- **Assignment**
Lines containing the string "Front": how many are there below? Answer with the number only.
-=-=-
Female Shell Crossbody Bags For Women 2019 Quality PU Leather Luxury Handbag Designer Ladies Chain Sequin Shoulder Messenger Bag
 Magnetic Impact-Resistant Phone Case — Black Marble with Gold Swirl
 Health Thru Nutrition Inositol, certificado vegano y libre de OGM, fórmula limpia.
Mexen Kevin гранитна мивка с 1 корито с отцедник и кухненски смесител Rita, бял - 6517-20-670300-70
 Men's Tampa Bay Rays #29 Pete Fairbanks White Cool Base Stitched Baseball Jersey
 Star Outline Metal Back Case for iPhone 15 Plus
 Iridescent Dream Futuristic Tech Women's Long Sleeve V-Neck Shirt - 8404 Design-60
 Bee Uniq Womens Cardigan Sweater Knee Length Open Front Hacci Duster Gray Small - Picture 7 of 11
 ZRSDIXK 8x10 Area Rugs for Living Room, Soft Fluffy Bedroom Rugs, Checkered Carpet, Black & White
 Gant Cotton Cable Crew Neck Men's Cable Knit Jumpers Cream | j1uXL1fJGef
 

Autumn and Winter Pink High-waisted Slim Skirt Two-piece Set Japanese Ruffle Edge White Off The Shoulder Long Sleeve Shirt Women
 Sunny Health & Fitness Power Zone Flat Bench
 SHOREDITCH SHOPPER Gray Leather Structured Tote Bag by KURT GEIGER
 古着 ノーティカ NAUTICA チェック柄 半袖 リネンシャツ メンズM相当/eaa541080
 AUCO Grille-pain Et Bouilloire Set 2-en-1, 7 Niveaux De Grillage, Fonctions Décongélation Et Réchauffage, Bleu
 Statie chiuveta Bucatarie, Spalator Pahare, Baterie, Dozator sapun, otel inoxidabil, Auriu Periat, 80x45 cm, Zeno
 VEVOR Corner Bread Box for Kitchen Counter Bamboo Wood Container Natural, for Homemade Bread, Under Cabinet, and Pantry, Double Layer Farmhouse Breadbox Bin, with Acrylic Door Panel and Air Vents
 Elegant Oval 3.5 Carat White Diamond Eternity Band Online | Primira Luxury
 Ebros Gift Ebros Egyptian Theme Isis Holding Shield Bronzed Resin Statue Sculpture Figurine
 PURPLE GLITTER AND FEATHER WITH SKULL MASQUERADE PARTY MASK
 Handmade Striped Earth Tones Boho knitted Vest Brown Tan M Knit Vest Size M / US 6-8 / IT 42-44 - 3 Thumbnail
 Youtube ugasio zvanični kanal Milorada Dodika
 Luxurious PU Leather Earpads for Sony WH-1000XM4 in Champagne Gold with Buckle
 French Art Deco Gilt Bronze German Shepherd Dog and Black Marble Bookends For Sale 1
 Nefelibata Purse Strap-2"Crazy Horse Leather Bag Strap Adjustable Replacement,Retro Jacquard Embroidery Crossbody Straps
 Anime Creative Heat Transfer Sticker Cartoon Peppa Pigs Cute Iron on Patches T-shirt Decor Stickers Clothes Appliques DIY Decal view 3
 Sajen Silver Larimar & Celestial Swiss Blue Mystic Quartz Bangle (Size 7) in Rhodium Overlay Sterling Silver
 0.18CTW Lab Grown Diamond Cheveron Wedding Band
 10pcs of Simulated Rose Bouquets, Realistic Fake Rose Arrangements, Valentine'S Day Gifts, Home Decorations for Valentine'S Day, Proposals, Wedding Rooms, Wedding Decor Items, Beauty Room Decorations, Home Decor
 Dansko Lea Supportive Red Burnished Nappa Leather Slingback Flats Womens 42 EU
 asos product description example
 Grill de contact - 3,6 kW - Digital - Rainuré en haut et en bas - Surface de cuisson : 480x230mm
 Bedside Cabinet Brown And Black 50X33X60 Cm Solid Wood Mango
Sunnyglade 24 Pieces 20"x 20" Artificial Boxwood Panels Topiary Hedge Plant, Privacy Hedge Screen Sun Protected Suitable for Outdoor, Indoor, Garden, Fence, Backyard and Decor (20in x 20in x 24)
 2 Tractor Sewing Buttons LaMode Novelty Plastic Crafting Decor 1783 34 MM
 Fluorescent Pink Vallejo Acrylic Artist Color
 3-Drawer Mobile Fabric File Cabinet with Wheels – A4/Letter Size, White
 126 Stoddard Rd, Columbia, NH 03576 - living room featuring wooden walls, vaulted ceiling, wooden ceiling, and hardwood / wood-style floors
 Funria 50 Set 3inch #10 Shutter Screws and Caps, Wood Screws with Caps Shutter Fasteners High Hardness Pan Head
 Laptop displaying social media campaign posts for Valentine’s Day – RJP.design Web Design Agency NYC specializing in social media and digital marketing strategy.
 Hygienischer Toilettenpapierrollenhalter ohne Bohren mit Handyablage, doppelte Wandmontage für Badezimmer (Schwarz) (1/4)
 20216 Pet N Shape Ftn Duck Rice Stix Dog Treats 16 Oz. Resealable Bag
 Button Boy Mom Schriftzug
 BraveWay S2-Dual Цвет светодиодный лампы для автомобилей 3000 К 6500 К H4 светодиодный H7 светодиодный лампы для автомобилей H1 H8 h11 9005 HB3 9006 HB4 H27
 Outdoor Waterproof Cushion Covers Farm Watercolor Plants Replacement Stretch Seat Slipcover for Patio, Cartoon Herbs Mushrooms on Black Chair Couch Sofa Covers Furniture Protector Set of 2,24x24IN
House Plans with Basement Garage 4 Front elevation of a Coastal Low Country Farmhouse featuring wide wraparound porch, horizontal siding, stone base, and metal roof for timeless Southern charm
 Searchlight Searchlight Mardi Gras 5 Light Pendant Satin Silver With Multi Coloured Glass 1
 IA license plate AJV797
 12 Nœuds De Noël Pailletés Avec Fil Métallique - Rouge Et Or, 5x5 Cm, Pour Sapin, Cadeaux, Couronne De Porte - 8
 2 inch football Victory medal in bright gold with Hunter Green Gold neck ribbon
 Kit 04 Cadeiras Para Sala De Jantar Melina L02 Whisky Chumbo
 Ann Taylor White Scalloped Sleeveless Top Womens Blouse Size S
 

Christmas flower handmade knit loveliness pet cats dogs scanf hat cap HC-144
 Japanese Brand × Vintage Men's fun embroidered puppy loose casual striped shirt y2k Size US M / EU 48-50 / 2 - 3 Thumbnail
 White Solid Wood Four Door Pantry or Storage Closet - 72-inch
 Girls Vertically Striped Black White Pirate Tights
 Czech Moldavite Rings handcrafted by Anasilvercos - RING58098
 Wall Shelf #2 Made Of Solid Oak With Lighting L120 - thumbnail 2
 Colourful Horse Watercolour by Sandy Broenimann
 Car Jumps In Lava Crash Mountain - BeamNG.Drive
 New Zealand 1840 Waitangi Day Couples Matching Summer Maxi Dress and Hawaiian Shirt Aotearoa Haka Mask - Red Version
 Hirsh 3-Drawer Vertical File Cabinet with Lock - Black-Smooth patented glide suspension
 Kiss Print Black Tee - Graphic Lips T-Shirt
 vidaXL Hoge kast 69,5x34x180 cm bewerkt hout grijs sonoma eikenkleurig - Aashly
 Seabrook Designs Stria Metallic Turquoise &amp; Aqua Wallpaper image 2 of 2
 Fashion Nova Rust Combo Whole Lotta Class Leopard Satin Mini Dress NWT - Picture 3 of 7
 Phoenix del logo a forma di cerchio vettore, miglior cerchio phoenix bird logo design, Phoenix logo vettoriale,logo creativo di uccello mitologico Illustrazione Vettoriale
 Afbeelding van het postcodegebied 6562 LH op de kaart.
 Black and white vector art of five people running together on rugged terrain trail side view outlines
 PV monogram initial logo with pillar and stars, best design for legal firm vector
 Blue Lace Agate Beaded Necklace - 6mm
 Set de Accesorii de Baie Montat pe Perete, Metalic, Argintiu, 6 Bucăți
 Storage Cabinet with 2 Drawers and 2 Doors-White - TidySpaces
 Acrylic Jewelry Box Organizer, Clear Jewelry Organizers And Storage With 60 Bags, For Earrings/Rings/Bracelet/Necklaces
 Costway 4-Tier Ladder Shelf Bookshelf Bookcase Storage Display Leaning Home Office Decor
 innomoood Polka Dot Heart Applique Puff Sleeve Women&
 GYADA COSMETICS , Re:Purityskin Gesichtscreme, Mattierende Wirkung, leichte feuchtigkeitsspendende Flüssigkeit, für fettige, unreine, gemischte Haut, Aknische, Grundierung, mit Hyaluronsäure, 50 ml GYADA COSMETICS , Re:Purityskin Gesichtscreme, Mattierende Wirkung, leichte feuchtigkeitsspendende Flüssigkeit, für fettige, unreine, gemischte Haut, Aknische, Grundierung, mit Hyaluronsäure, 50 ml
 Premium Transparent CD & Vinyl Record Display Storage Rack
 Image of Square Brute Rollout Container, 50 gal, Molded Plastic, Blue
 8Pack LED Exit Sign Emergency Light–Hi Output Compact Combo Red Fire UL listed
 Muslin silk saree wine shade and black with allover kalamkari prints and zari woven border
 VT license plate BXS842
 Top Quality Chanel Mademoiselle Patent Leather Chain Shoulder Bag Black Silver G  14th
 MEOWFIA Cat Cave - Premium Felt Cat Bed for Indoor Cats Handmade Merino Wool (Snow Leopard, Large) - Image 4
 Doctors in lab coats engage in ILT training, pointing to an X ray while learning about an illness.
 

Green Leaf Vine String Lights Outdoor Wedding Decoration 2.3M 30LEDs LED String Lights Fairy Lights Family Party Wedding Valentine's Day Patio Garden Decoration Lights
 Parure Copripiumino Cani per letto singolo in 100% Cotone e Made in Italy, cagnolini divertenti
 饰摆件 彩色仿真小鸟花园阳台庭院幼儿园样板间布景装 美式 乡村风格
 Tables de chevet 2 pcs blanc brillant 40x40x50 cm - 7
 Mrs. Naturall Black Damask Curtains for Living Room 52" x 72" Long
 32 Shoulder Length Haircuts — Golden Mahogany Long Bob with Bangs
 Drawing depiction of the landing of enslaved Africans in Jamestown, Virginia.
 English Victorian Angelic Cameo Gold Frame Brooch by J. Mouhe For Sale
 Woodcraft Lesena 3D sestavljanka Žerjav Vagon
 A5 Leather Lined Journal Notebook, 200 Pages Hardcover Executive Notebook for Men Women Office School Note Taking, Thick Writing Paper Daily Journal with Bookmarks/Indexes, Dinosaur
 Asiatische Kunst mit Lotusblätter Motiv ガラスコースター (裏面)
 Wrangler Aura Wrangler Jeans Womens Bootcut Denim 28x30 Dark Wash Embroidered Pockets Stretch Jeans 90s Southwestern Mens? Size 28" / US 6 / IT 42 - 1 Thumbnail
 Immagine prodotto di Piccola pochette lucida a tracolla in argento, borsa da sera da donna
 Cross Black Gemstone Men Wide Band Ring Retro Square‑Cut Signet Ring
-=-=-
- **Reply to the task**
2